Droht eine ORF-Informationswüste in Nahost?
(c) Adham Hamed

Überlegungen zur Umstrukturierung der ORF-Regionalberichterstattung und ein Plädoyer. 

Der ORF will den Vertrag mit seinem langjährigen Korrespondenten Karim El-Gawhary offenbar nicht über den 30. Juni 2026 hinaus verlängern, wie mehrere österreichische Medien übereinstimmend berichten (Kronen Zeitung, Der StandardTiroler Tageszeitung). Mehr noch wird kolportiert, dass das von ihm geleitete ORF-Büro in Kairo aufgelöst werden und die Nahost-Berichterstattung ausschließlich von einem Regionalbüro in Tel Aviv aus stattfinden solle. Vollzieht der ORF diesen Schritt tatsächlich, droht im öffentlich-rechtlichen Rundfunk ein erhebliches und strukturell wohl kaum zu kompensierendes Defizit in der Nahost-Berichterstattung. 

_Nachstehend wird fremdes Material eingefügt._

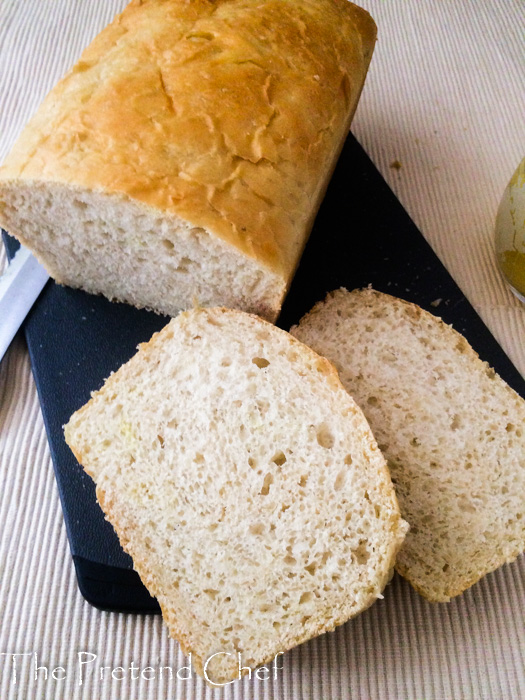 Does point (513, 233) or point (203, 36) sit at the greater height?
point (203, 36)

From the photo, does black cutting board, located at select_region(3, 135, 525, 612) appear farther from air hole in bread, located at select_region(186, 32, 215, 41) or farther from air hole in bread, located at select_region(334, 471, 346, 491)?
air hole in bread, located at select_region(186, 32, 215, 41)

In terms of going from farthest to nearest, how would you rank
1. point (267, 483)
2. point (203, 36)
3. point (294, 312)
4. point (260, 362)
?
1. point (294, 312)
2. point (203, 36)
3. point (260, 362)
4. point (267, 483)

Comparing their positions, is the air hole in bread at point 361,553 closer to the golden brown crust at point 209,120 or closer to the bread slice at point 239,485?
the bread slice at point 239,485

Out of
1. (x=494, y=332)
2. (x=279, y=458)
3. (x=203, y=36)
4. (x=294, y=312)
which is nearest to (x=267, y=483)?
(x=279, y=458)

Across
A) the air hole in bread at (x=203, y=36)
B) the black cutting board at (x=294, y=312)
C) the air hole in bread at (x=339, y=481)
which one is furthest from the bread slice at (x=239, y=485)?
the air hole in bread at (x=203, y=36)

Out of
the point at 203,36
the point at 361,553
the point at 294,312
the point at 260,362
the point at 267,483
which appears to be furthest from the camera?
the point at 294,312

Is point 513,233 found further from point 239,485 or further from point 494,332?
point 239,485

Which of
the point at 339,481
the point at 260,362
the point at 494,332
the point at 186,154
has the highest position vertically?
the point at 186,154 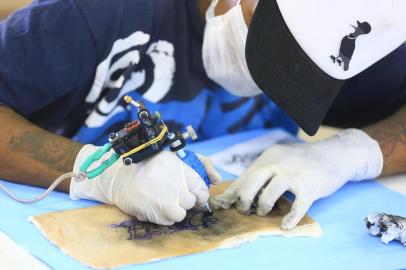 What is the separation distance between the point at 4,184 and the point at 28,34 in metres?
0.30

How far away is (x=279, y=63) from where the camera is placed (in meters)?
0.99

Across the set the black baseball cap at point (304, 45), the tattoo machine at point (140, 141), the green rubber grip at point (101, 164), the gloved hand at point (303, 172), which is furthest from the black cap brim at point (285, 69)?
the green rubber grip at point (101, 164)

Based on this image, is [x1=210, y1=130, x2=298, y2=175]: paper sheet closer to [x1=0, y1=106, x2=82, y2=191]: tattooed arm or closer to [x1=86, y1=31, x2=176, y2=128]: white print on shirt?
[x1=86, y1=31, x2=176, y2=128]: white print on shirt

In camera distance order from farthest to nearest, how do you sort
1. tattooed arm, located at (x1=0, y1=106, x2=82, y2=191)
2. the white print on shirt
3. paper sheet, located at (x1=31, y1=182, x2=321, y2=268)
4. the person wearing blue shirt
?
1. the white print on shirt
2. tattooed arm, located at (x1=0, y1=106, x2=82, y2=191)
3. the person wearing blue shirt
4. paper sheet, located at (x1=31, y1=182, x2=321, y2=268)

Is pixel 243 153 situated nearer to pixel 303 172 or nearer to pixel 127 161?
pixel 303 172

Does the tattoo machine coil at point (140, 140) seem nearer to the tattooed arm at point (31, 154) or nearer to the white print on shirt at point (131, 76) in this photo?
the tattooed arm at point (31, 154)

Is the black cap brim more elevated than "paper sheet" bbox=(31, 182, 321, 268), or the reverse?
the black cap brim

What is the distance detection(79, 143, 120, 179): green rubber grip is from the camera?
88 centimetres

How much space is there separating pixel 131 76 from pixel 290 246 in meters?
0.56

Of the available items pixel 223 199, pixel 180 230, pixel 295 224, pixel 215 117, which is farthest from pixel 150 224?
pixel 215 117

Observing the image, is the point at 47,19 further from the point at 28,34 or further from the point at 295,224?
the point at 295,224

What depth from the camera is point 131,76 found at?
4.09ft

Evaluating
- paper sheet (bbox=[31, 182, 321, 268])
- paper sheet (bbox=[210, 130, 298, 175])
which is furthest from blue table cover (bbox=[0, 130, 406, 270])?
paper sheet (bbox=[210, 130, 298, 175])

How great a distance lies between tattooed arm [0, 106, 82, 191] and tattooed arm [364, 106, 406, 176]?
0.70 meters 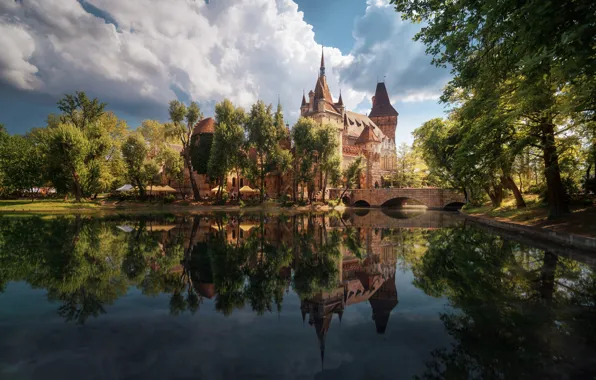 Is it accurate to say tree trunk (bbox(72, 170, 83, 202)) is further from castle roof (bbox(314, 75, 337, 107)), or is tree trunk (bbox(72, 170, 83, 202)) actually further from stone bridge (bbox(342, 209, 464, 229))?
castle roof (bbox(314, 75, 337, 107))

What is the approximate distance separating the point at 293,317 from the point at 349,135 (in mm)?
81595

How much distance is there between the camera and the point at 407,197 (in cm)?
5675

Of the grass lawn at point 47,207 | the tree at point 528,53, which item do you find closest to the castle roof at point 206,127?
the grass lawn at point 47,207

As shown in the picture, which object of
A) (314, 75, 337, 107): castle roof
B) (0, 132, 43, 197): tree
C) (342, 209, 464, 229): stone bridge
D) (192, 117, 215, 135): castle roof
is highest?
(314, 75, 337, 107): castle roof

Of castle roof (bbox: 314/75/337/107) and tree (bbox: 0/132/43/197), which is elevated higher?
castle roof (bbox: 314/75/337/107)

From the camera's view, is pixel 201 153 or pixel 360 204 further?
pixel 360 204

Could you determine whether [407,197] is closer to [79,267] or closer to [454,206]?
[454,206]

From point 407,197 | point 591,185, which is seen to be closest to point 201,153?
point 407,197

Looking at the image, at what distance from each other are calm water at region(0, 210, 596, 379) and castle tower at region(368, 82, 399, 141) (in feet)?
308

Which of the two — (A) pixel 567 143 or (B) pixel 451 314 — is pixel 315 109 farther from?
(B) pixel 451 314

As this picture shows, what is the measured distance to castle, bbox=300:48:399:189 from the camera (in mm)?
67050

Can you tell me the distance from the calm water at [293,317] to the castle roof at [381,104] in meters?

Korrespondent:innen wie David Kriegleder leisten in Israel hervorragende Arbeit. Ihnen sind jedoch durch die politischen Rahmenbedingungen strukturelle Grenzen auferlegt. In einem der gesellschaftlich polarisierendsten Konflikte unserer Zeit, in der Pressefreiheit immer stärker in Bedrängnis gerät, ist es entscheidend Korrespondent:innen mit direktem Zugang zu beiden Seiten zu haben. Wäre es nach dem Sturz von Bashar al-Assad denkbar gewesen, von Tel Aviv aus unmittelbar nach Damaskus zu reisen? Auf direktem Weg unmöglich und auch über Umwege ohne unverhältnismäßige Gefährdung des eigenen Lebens wohl kaum. Bilder wie aus dem berüchtigten Foltergefängnis Sednaya, nur wenige Tage nachdem dessen Tore von Assads Schergen geöffnet wurden, wären nicht in Österreichs Wohnzimmer gelandet. Und die arabischen Protestbewegungen von 2011 – für die Berichterstattung darüber wurde er unter anderem mit dem Concordia-Preis ausgezeichnet – wären auf Basis von trockenen Agentur-Meldungen wohl kaum verständlich geworden, hätte El-Gawhary nicht seine Arbeit aus einer spezifischen Position aus machen können. Es sind aber auch die vermeintlich kleinen Geschichten, durch die Karim El-Gawhary über Jahrzehnte die Lebensrealitäten von Menschen in unserer unmittelbaren Nachbarschaft in Österreichs Wohnzimmer gebracht hat, von einfachen Familien in Kairo, von Student:innen in Bagdad. Sie werden fehlen, wenn der ORF einen derart radikalen Schritt tatsächlich vollzieht. 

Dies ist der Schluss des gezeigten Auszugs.